### [Exercise brief]
All lines after the one containing "Original mixed media", together with that line itself, should be written out exactly, down to the last line of the entries below.

::: Study material

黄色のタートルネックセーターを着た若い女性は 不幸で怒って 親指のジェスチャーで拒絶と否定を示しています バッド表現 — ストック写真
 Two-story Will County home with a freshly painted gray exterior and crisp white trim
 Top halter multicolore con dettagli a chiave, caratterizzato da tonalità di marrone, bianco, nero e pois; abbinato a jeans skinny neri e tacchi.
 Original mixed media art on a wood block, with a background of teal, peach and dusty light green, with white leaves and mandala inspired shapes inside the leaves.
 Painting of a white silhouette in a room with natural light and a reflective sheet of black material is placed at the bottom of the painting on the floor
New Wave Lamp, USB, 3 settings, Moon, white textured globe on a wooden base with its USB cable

::::::

### [Answer for the task]
 Original mixed media art on a wood block, with a background of teal, peach and dusty light green, with white leaves and mandala inspired shapes inside the leaves.
 Painting of a white silhouette in a room with natural light and a reflective sheet of black material is placed at the bottom of the painting on the floor
New Wave Lamp, USB, 3 settings, Moon, white textured globe on a wooden base with its USB cable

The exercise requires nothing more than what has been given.